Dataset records
◆ ◆ ◆ ◆ ◆

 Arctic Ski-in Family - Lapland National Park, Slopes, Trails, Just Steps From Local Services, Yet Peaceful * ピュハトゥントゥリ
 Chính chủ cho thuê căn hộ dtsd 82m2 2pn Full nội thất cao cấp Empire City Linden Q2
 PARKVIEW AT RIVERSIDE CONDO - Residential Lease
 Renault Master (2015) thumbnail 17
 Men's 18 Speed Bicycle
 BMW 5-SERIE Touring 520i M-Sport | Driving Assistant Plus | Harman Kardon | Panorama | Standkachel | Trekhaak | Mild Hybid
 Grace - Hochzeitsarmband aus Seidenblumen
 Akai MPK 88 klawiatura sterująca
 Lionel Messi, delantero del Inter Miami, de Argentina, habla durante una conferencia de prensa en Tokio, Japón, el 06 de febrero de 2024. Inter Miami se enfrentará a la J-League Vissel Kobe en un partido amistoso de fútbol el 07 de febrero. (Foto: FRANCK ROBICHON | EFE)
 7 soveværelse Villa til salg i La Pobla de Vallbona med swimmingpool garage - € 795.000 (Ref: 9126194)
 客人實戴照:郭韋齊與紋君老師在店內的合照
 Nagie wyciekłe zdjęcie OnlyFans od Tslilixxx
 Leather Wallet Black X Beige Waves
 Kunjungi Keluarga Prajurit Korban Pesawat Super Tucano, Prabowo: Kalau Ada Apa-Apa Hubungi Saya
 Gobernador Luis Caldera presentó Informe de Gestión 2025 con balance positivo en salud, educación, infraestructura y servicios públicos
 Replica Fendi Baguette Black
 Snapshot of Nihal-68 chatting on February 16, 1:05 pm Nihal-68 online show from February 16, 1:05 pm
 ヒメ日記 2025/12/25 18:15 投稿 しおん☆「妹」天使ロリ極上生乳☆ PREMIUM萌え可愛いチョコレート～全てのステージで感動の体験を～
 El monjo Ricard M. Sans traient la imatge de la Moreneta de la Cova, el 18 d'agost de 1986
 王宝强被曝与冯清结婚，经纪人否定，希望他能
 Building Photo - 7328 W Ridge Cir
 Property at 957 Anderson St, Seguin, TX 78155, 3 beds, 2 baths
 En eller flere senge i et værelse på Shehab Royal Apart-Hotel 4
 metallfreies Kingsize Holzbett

◆ ◆ ◆ ◆ ◆

What is being asked:
Word for word, restate the lines of the data above that fall between the line holding "Replica Fendi Baguette Black" and the line holding "El monjo Ricard", inclusive, and no other lines.

Exercise solution:
 Replica Fendi Baguette Black
 Snapshot of Nihal-68 chatting on February 16, 1:05 pm Nihal-68 online show from February 16, 1:05 pm
 ヒメ日記 2025/12/25 18:15 投稿 しおん☆「妹」天使ロリ極上生乳☆ PREMIUM萌え可愛いチョコレート～全てのステージで感動の体験を～
 El monjo Ricard M. Sans traient la imatge de la Moreneta de la Cova, el 18 d'agost de 1986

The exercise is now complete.